About this exercise> Produce an exact transcription of the data, with the images left out.

Excerpts from a dataset
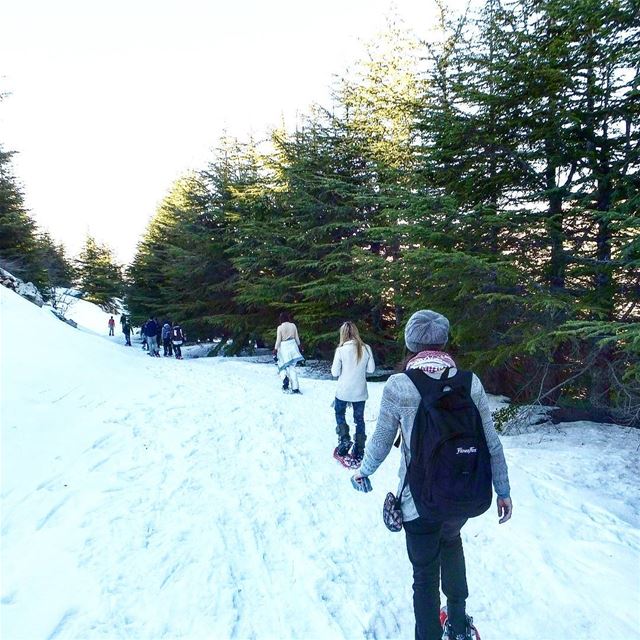  promaxsports  shouf  authenticshouf  choufreserve  baroukcedars ... (Al Shouf Cedar Nature Reserve)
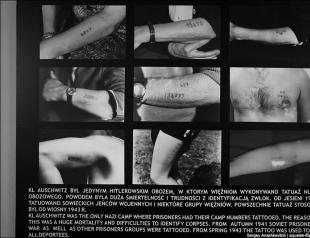 Auschwitz.  Dødsleir.  (36 bilder).  Frigjøring av Auschwitz.  Auschwitz konsentrasjonsleir (Auschwitz) Auschwitz konsentrasjonsleir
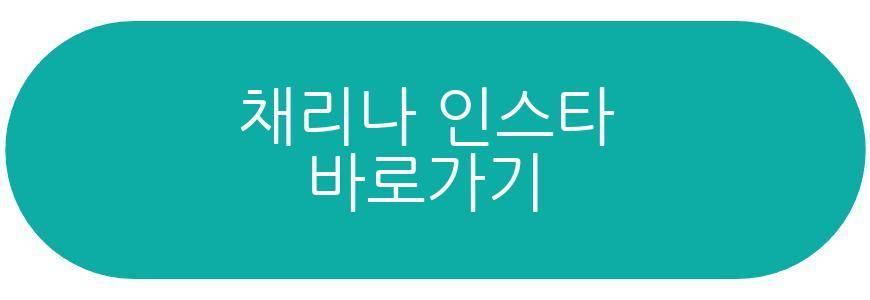 채리나 박용근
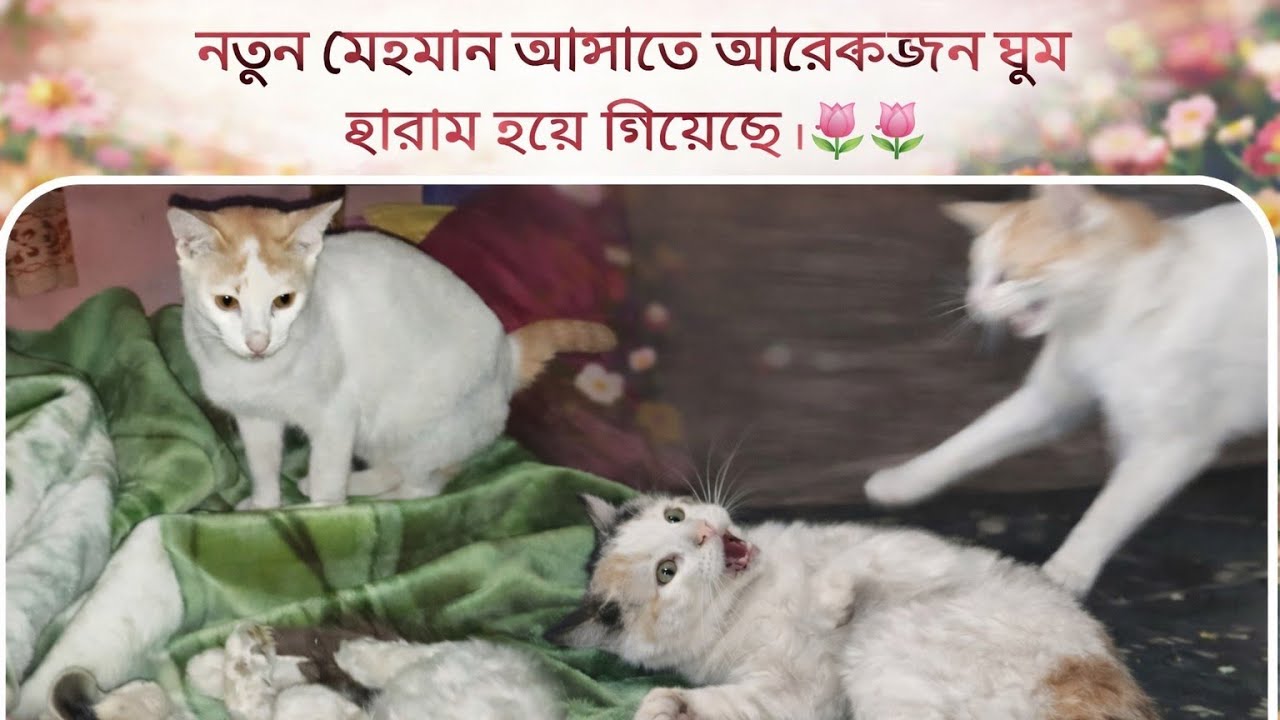 নতুন মেহমান আসাতে আরেকজনের ঘুম হারাম  হয়ে গিয়েছে।। 🌷🌷🌷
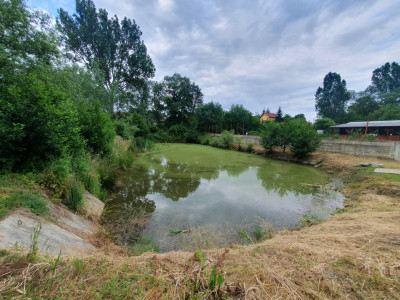 Terenuri de vanzare Sacel imagine mica 7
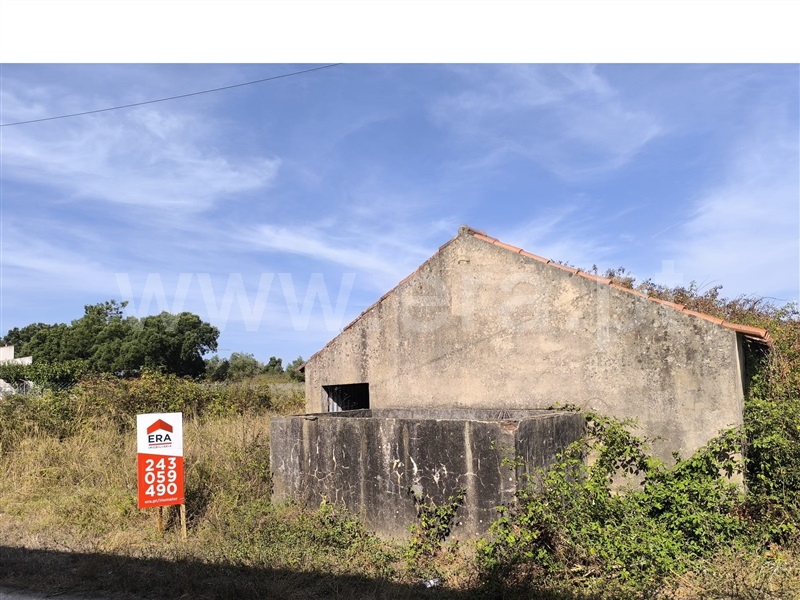 Terreno Rústico  Alcobaça, Benedita - 1500848 - 3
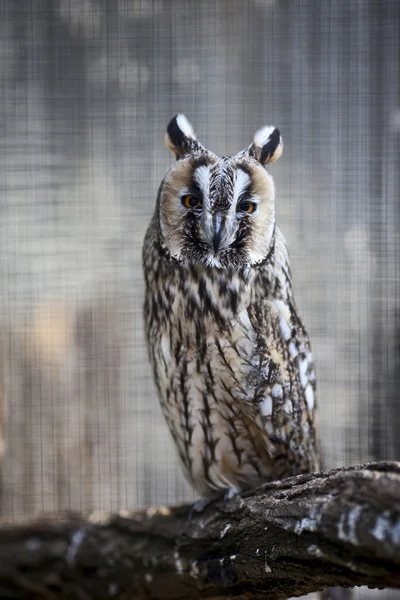 Hosszú füles owl — Stock Fotó
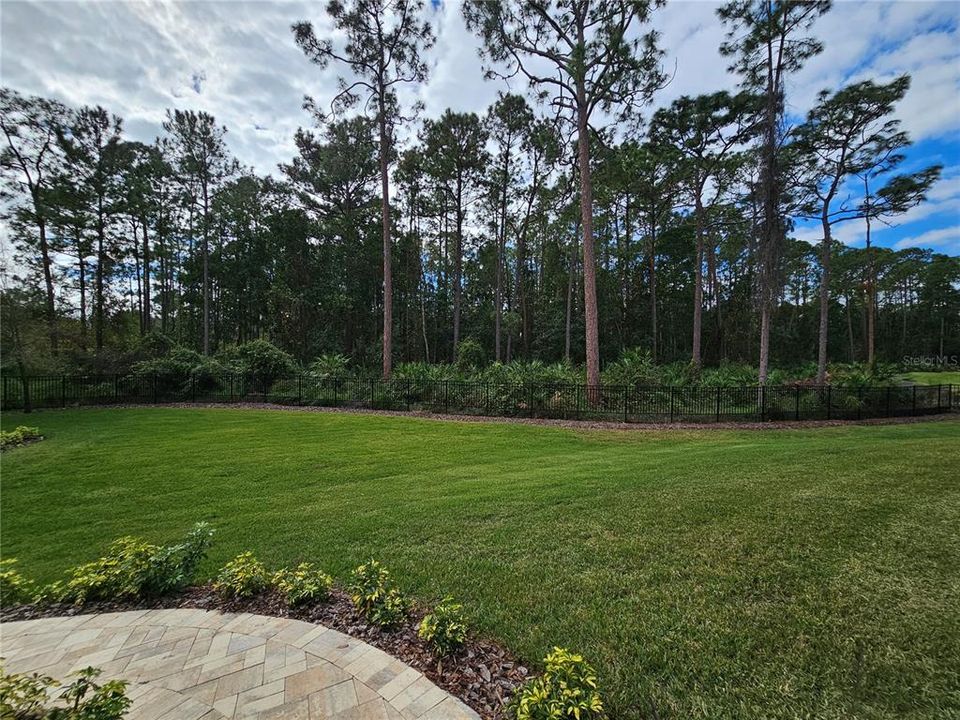 Conservation view in Rear Yard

Task result>
  promaxsports  shouf  authenticshouf  choufreserve  baroukcedars ... (Al Shouf Cedar Nature Reserve)
 Auschwitz.  Dødsleir.  (36 bilder).  Frigjøring av Auschwitz.  Auschwitz konsentrasjonsleir (Auschwitz) Auschwitz konsentrasjonsleir
 채리나 박용근
 নতুন মেহমান আসাতে আরেকজনের ঘুম হারাম  হয়ে গিয়েছে।। 🌷🌷🌷
 Terenuri de vanzare Sacel imagine mica 7
 Terreno Rústico  Alcobaça, Benedita - 1500848 - 3
 Hosszú füles owl — Stock Fotó
 Conservation view in Rear Yard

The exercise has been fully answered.